Using Associative Arrays

Michael McClung

Michael McClung is a senior staff engineer at Intecom Inc. He worked as a software contractor for 8 years before reentering the corporate work force. He received his Master of Science in Computer Science from the University of California at Lawrence Livermore Laboratory. His main interests include real-time systems, software development processes, and object-oriented programming. He can be reached at 214-447-8060 or mm@intecom.com.

Introduction
Associative arrays are well known in the software community. They are built into some languages such as AWK, Perl, and Smalltalk (as the data dictionary), and it is not unusual to find them in C++ class libraries since the language supports them well. You can easily find references to them by browsing through programming books. Yet, in my experience, associative arrays are not commonly used in C programming environments. This article defines associative arrays, shows where they can be useful, and presents an implementation in C.

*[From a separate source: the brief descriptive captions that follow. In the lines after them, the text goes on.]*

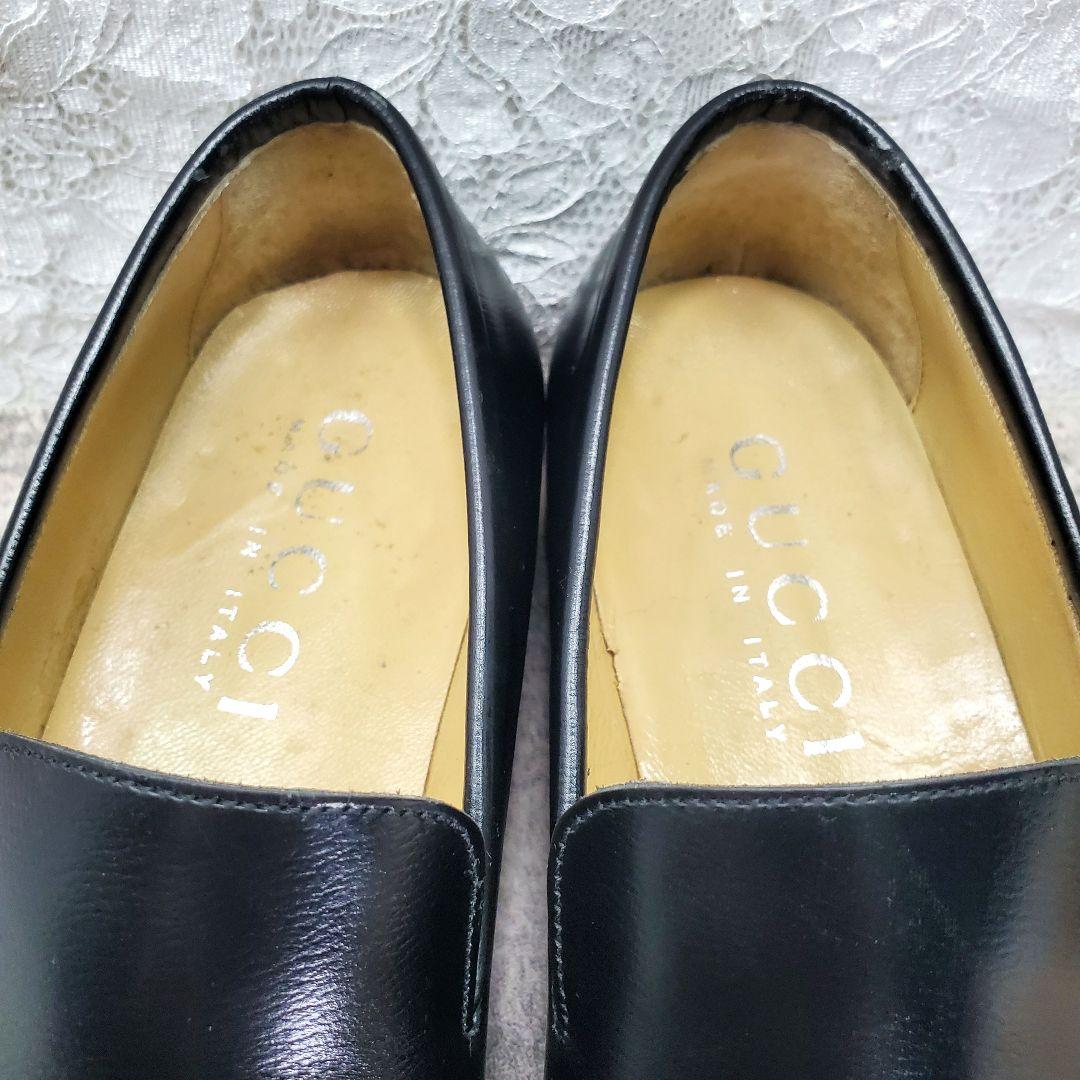 ✨グッチ✨スクエアトゥ ローファー レザー 黒 40E 25cm イタリア製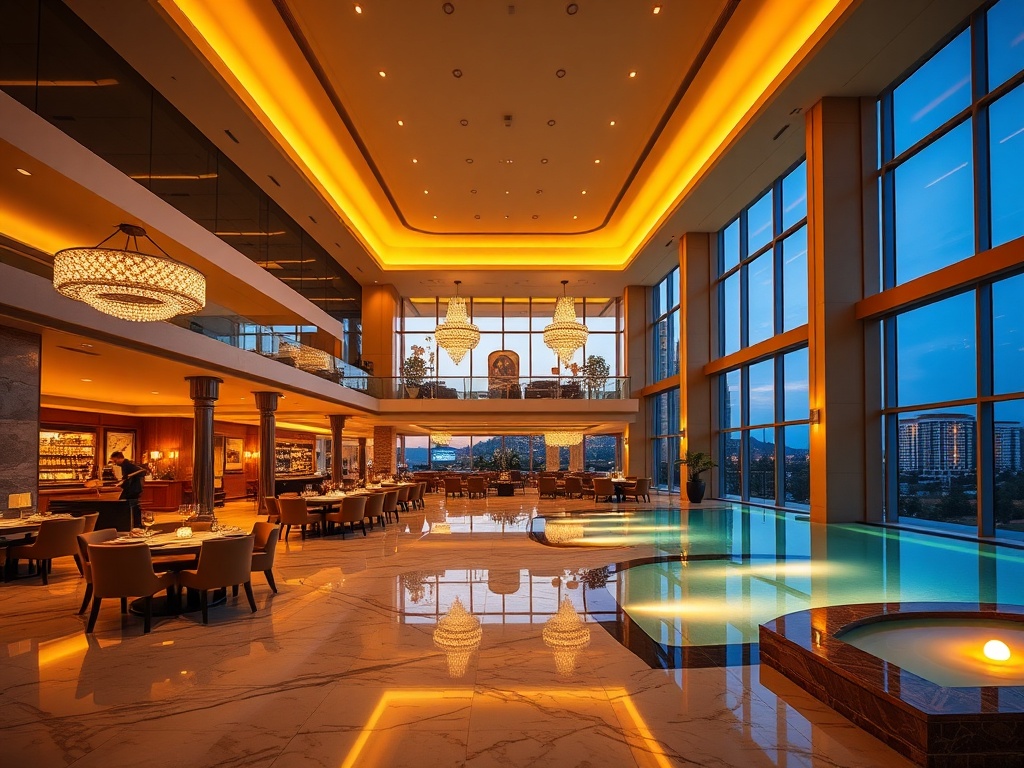 Modern casino hotel lobby at dusk, warm golden lighting, elegant lounge, marble floors, panoramic windows, chef-presented gourmet dining, serene spa pool glow, tasteful luxury atmosphere.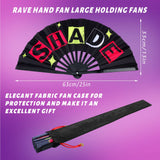 FairySandy 6 Pcs Large Hand Fan Rave Iconic Shade Bye Folding Bamboo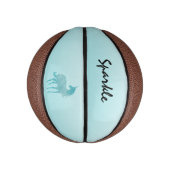 Mini Ballon De Basket Aqua Parties scintillant Unicorn personnalisée (Vertical)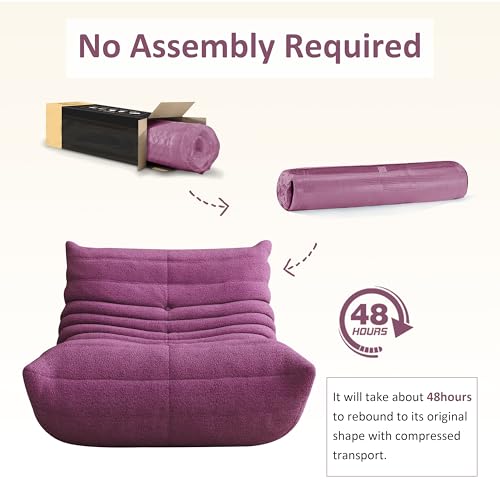 Image of Giant Bean Bag Chair for Adults,Comfy Single Floor Fireside Chair with Memory Foam,Cozy Accent Sofa Couch Boneless Chaise Loungefor Small Room Living Room Bedroom Gaming Room (Purple, Single)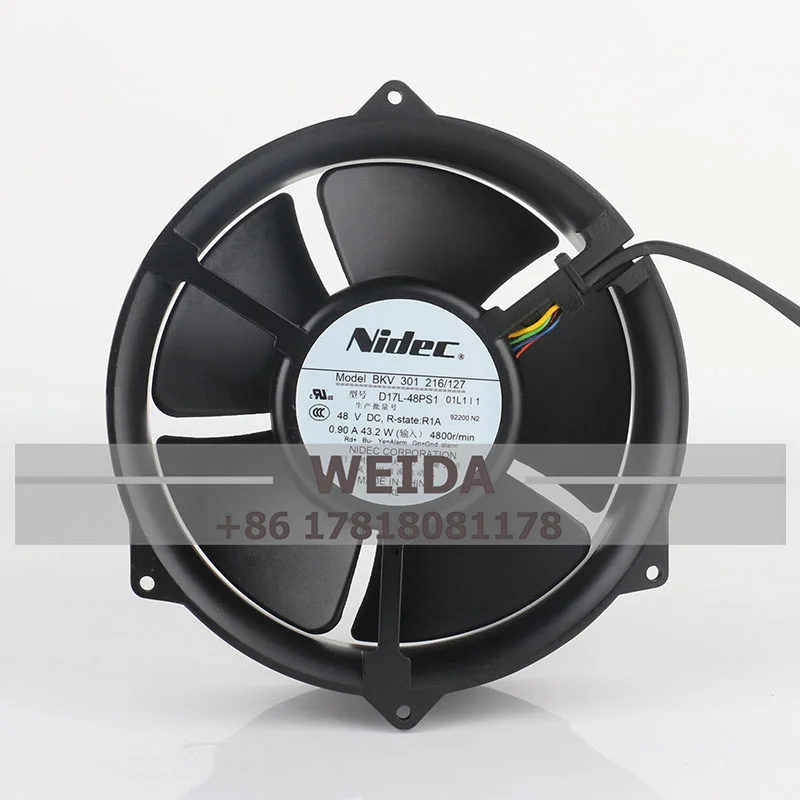 New original  NIDEC   BKV301 216/2127 D17L-48PS1 01L1l1  DC48V 0.90A 17251 Ericsson cooling fan 170*170*51MM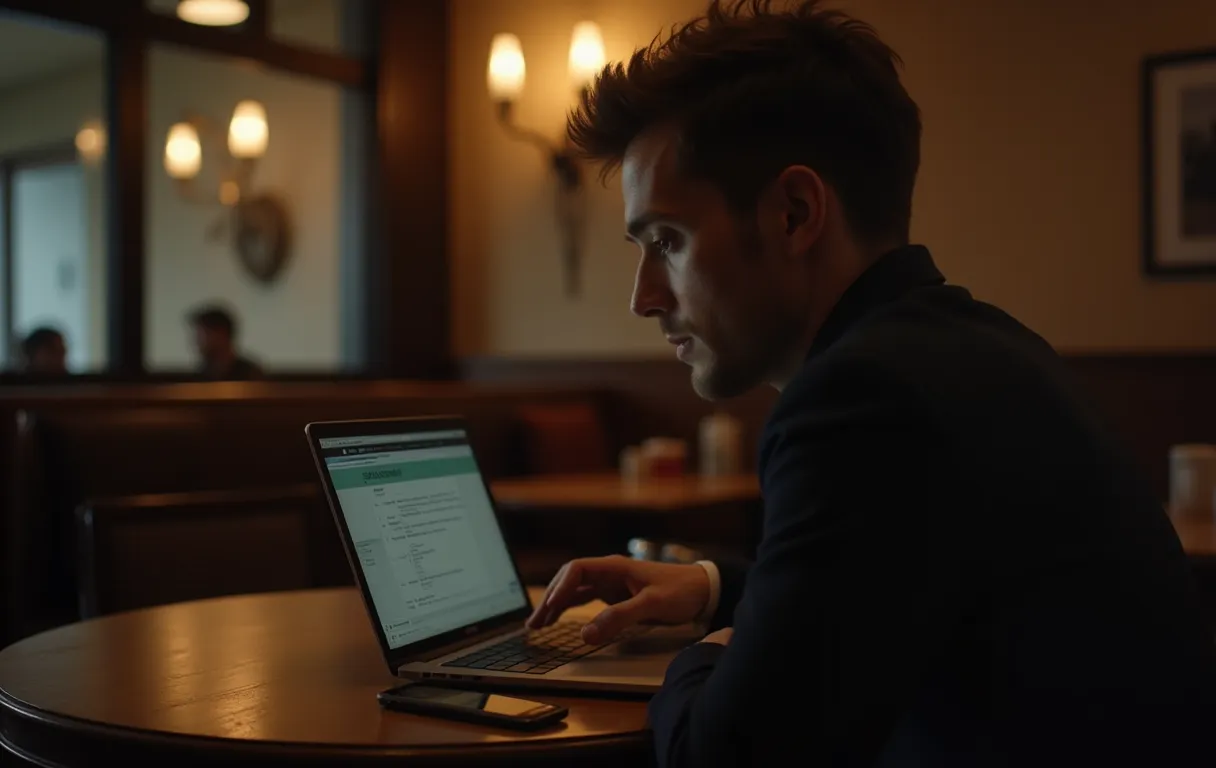 An actor self-submitting for roles on a laptop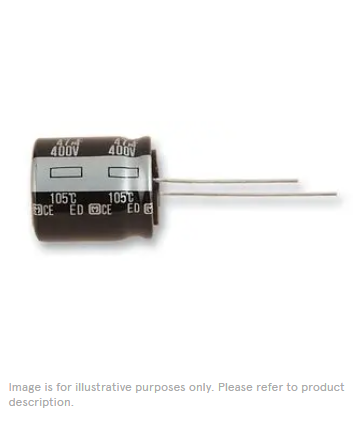 EEUED2G100 PANASONIC Electrolytic Capacitor, 10 µF, 400 V, ± 20%, Radial Leaded, 8000 hours @ 105°C, Polar
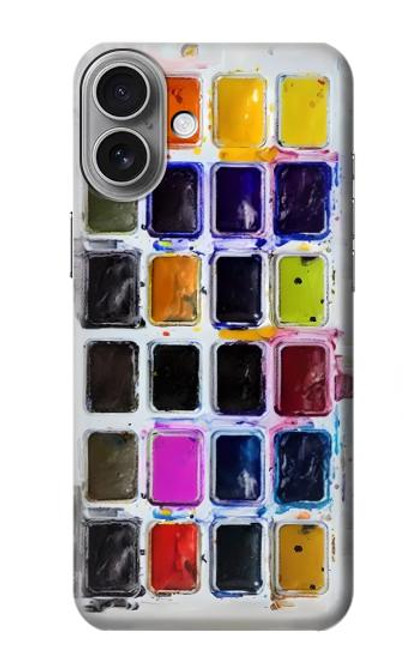 W3956 Graphique de boîte à palette aquarelle Etui Coque Housse et Flip Housse Cuir pour iPhone 16 plus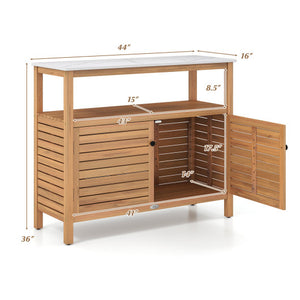 Patio Wood Storage Cabinet Outdoor Acacia Wood Buffet Cabinet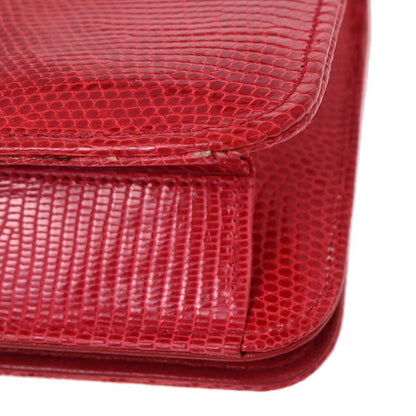 Chanel * 1989-1991 Red Lizard Turnlock Mini Full Flap Shoulder Bag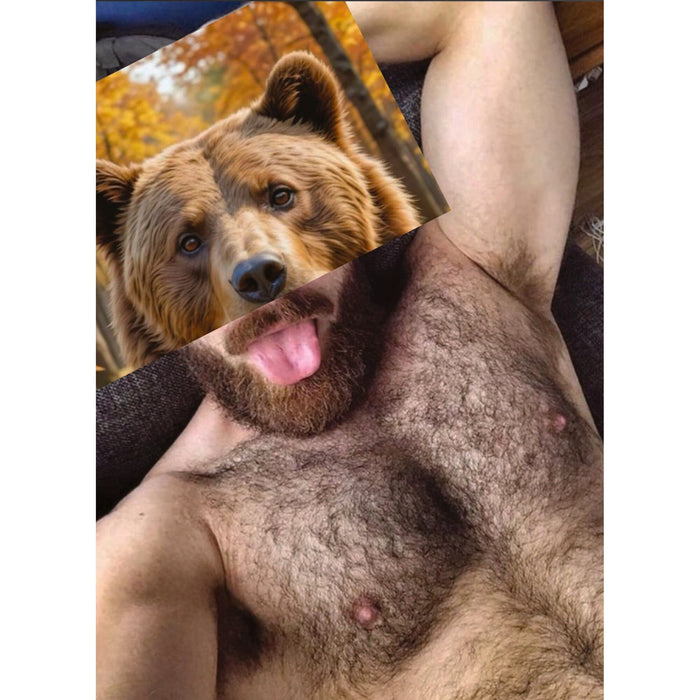 Naro Pinosa Bear Tongue Out Mustache Postcard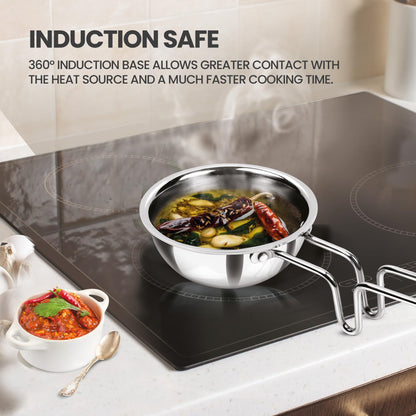 MILTON Pro cook Induction Cookware & Gas Stove Friendly Triply Stainless Steel Tadka Pan 12 cm | 370 ml Capacity | Frying Dal & Spices | Long Handle | Smooth Finish | 3 Year Warranty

Defining Associative Arrays
Interpretations may vary, but in this context the term associative array refers to an array that takes a user-defined type as an array index. Viewing all arrays as mapping functions, a conventional array is a function that maps only from an integer index to another type. For example
a[5]= 19.58 maps the integer 5 to the floating point number 19.58.
b[7]= "twelve" maps the integer 7 to the string "twelve".
c[9]='D' maps the integer 9 to the char 'D'.
Associative arrays remove the restriction of integer indexes, allowing arbitrary data types to directly map to other types, as in the following:
a["first"] = 19.59 maps the string "first" to the floating point number 19.58.
b[1.21]="twelve" maps the floating point number 1.21 to the string "twelve".
c[employee_rec]=&d_rec maps the structure employee_rec to the record pointer &d_rec.
The sparse array exemplifies another type of mapping problem that lends itself well to associative arrays. Suppose several points must be identified in a 10,000-meter cube. The simplest model is a three-dimensional array with each dimension ranging from zero to 10,000. Allocation of a conventional linear array far exceeds available memory. With an associative array, which does not depend on linear storage, the memory requirements are much smaller. The following code, using the associative array CUBEPOINT, requires only the locations used, one for each assignment.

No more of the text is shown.